» INFORMATION PROVIDED:
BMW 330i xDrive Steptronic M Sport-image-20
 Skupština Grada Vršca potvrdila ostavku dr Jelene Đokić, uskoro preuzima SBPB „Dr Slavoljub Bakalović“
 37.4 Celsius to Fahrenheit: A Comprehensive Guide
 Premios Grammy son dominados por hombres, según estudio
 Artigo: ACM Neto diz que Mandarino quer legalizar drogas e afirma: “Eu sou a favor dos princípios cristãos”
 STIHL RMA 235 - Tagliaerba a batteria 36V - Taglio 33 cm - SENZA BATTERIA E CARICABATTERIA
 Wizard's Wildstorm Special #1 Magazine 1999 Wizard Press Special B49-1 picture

» PROMPT: Reproduce the entries above exactly, but only the lines between the line holding "37.4 Celsius to" and the line holding "STIHL RMA 235", inclusive.

» ANSWER TO THIS EXERCISE:
 37.4 Celsius to Fahrenheit: A Comprehensive Guide
 Premios Grammy son dominados por hombres, según estudio
 Artigo: ACM Neto diz que Mandarino quer legalizar drogas e afirma: “Eu sou a favor dos princípios cristãos”
 STIHL RMA 235 - Tagliaerba a batteria 36V - Taglio 33 cm - SENZA BATTERIA E CARICABATTERIA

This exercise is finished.